The Coordinated School Health Model was recently expanded by The Centers for Disease Control (CDC) and the Association for Supervision and Curriculum Development (ASCD) to improve upon the way the model contextualizes young people’s lived experiences— especially those that impact their health and education. Together, they developed the Whole School, Whole Community, Whole Child (WSCC) model, which provides a framework for healthy schools that practitioners and policymakers can use to address individual components of health that together contribute to the overall wellbeing of a young person.
While adoption of this framework has been promoted and encouraged by the CDC and others, no one had examined how— or if— the different health domains of the WSCC framework were being addressed by state education policy. Our partner Child Trends recognized this gap and began working on an analysis to see how state policy aligns with the WSCC framework.

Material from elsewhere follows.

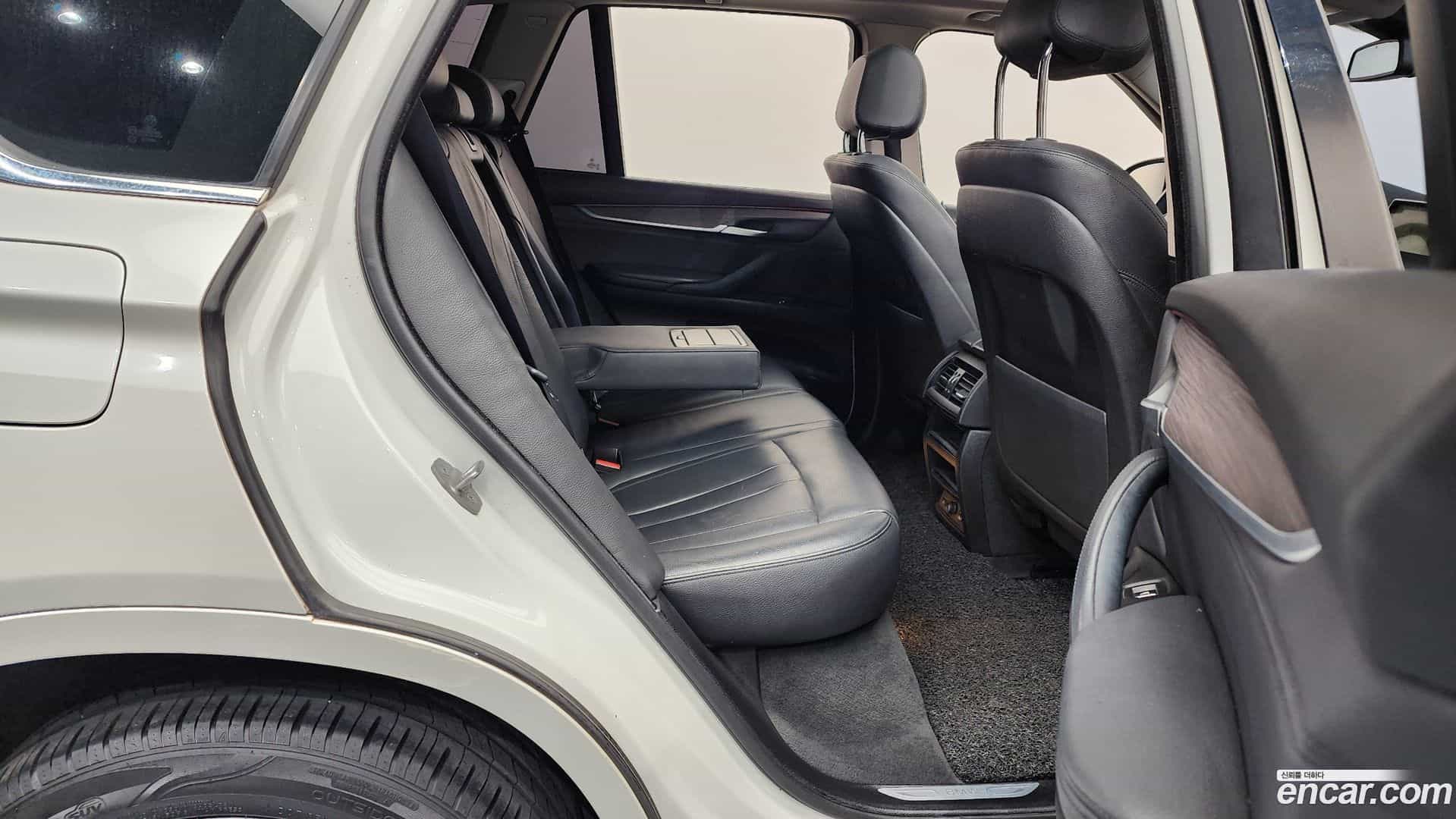 X5 BMW 2015.3-OPTION-016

On January 31, 2019, Child Trends released an impressive policy analysis examining the representation and coverage of the WSCC framework in state statutes and regulations. The report offers an extensive look at how the framework manifests nationally and includes detailed analyses for every state.
In an effort to better digest the report and understand its implications, we asked two of the authors, Deborah Temkin and Kristen Harper, to answer some questions for us.
Child Trends: There are many lessons within the report, which examines over 130 different topics related to healthy schools. That said, there are three main takeaways.
First, nearly every state has policies to help schools support the whole child. People often assume that state education policy only addresses topics directly related to academics and school governance (e.g., funding formulas, teacher certification, curricular standards for math and reading). However, our analysis shows that such policies address a much broader set of issues – from nutrition, to school discipline, to physical activity, to family engagement and more. States vary considerably in both the extent and approach of their coverage, but there is a broad consensus in current policy that schools have a role in supporting student health.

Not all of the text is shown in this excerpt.